Ubuntu Netbook's design assumes that netbooks are used mainly for light computing. Part of this assumption is inherited from the general Ubuntu desktop, whose defaults include panel applets for centralizing social networking.
However, the assumption is also visible in other ways. For instance, the first buttons in the Home view's menu are labeled Web, Music, Photo & Video, and Games. Office is sixth of the eight buttons, Files & Folders seventh, and Get New Apps eighth.
The same priority is shown in the launcher. The most important applications are at the top of the launcher, where the user's eye is likely to fall first: Firefox for browsing, Empathy for messaging, Evolution, and the webcam controller Cheese, and the Rhythmbox music player. Files & Folders, whose main purpose is navigation, is third from the bottom, and office productivity is not even on the launcher at all, but three clicks lower down.
These priorities reflect recent reports about how people are using the Internet -- notice, for example, the placement of messaging in a higher position than email. Personally, I am not sure that a profile of Linux users would show the same priorities, but the point is not that there is anything wrong with these priorities so much as the fact that only one user profile is included in the design philosophy.
If you are a high school or university student, Ubuntu Netbook's design might suit you very well. But if you are a business traveler, using your netbook to do some serious work while you wait in the airport, you are probably going to find it less convenient.
In addition to these design assumptions, Ubuntu Netbook has several inconsistencies that, if corrected, would bring it closer to the apparent goals of simplicity and efficiency.
To start with, Ubuntu Netbook is often inconsistent in its naming of buttons. For instance, in the Home view menu, the button for starting a web browser is labeled Web. On the launcher, it is Firefox Web Browser. In the list opened by the Applications button, the name is also Firefox Web Browser, but it is found under Internet. The same is true for other applications, such as Rhythmbox.
Such inconsistency is common on workstation desktops, where usability was an afterthought and tidying continues. But when you are building a desktop from scratch with usability a priority, there is really no excuse for such sloppiness.

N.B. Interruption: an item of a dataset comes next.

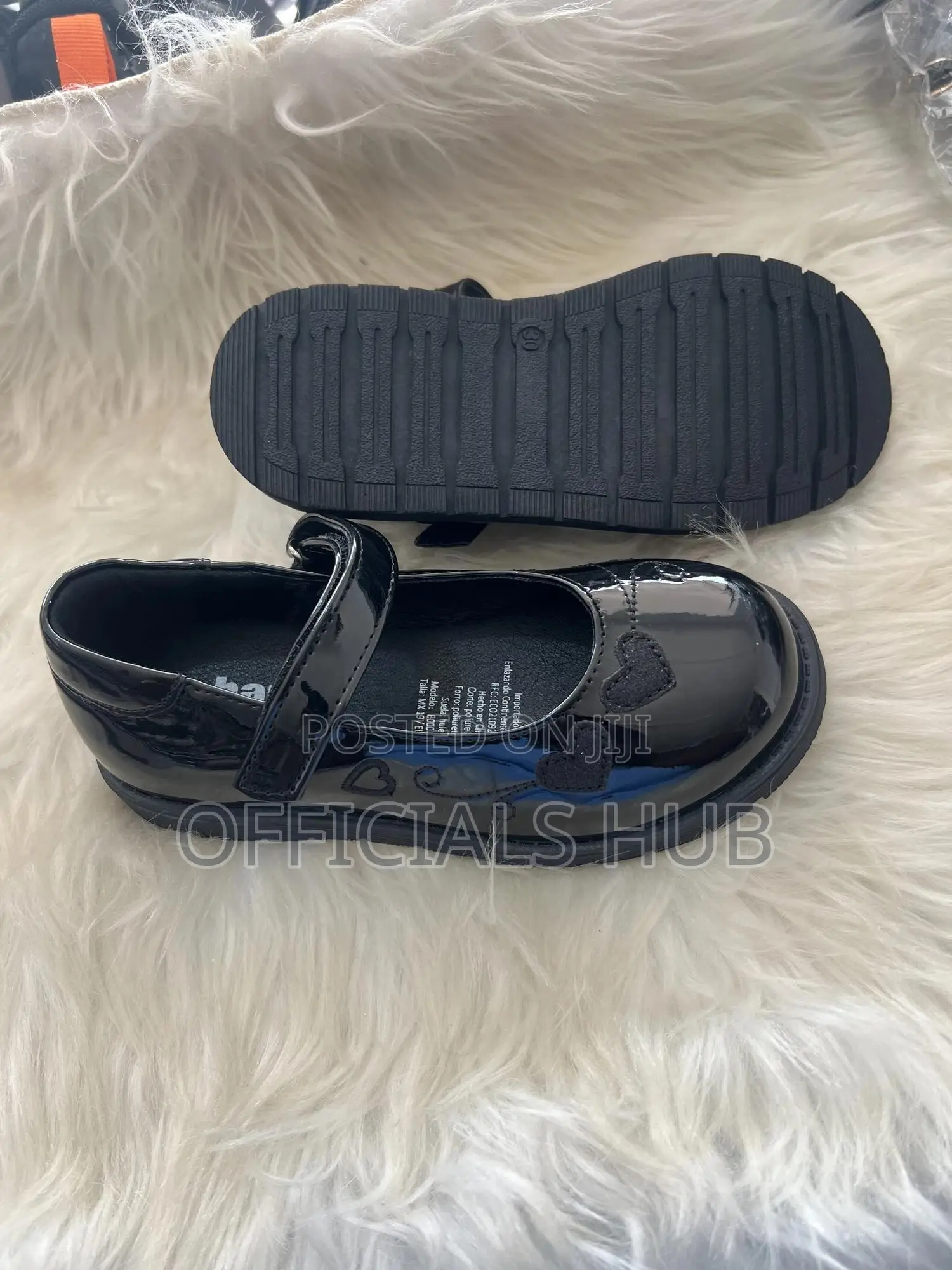 Happy Bee Black Shoe for Kids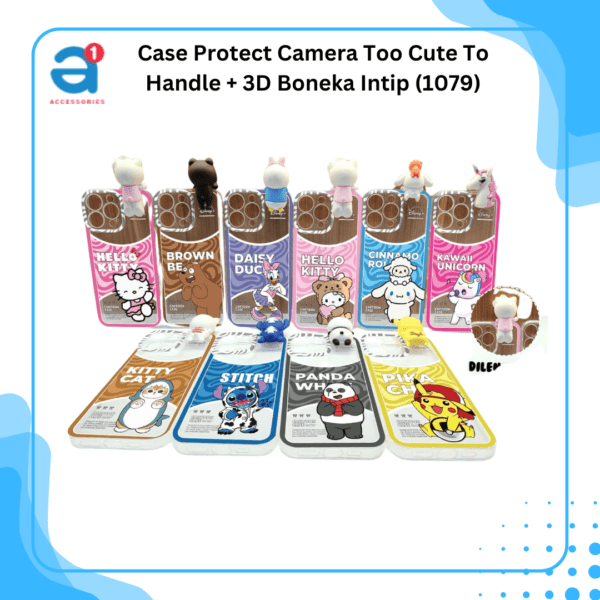Case Protect Camera Too Cute To Handle + 3D Boneka Intip (1079)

In much the same way, buttons on the launcher seem partly color coded, with pastel buttons indicating general applications, and orange and gray buttons system or administrative functions. However, the usage is by no means consistent, and seeing the pattern only leaves you wondering if yellow, blue, or some other color might have a specific meaning, too. Although the launcher does seem to show a half-hearted organization of buttons by function, that does not seem consistent, either. Perhaps dividers that grouped buttons would make the arrangement clearer.